TASK REQUIREMENTS
Copy out every line of the data exactly; do not include the images.

DATASET EXCERPT
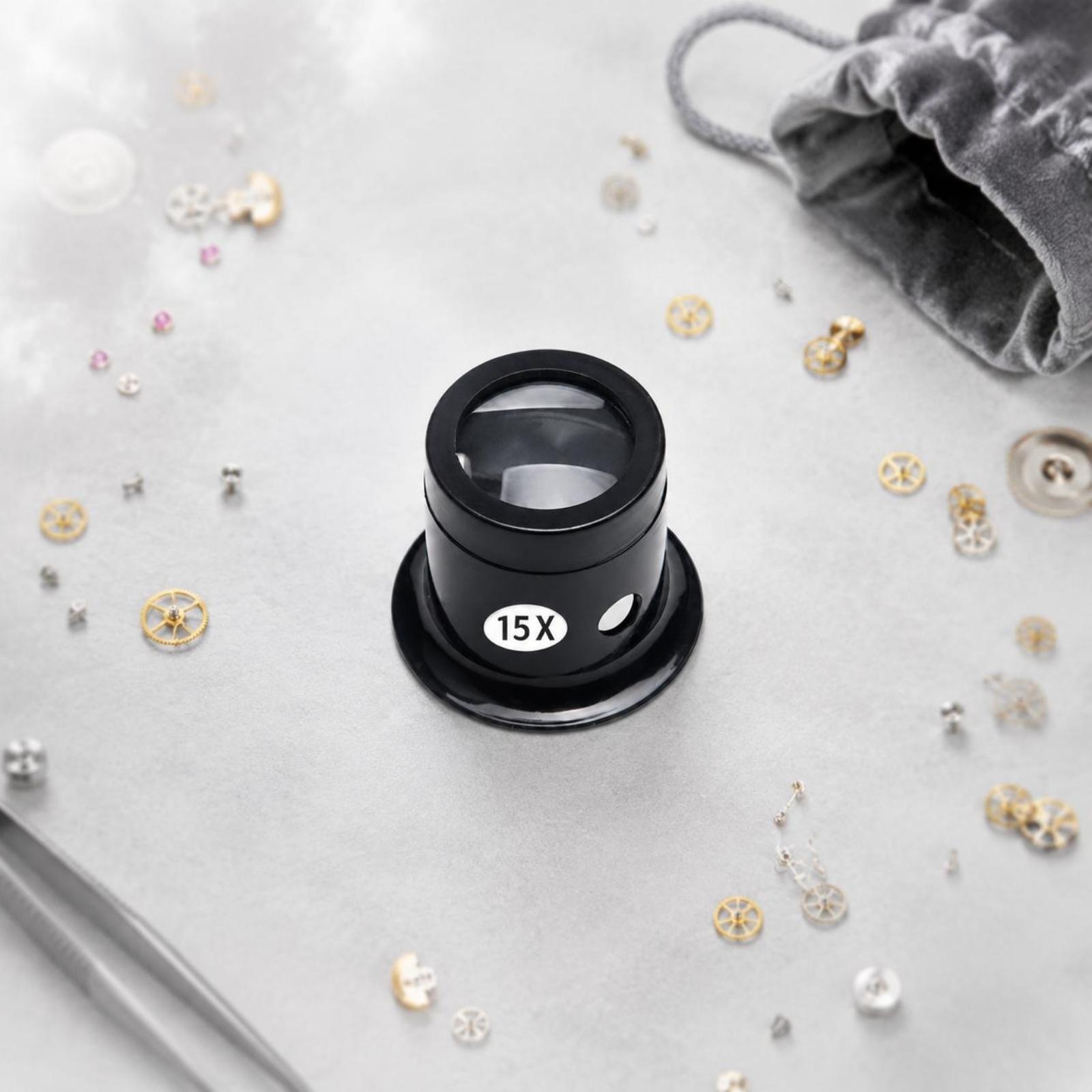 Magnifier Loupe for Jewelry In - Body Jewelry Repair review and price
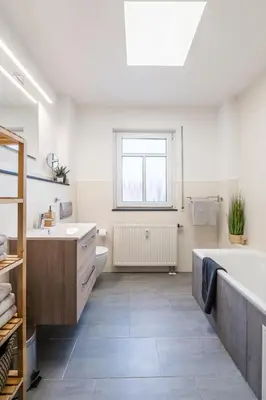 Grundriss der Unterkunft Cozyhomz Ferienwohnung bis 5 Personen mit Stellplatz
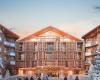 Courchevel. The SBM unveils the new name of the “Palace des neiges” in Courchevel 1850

ANSWER TO THE PROBLEM
 Magnifier Loupe for Jewelry In - Body Jewelry Repair review and price
 Grundriss der Unterkunft Cozyhomz Ferienwohnung bis 5 Personen mit Stellplatz
 Courchevel. The SBM unveils the new name of the “Palace des neiges” in Courchevel 1850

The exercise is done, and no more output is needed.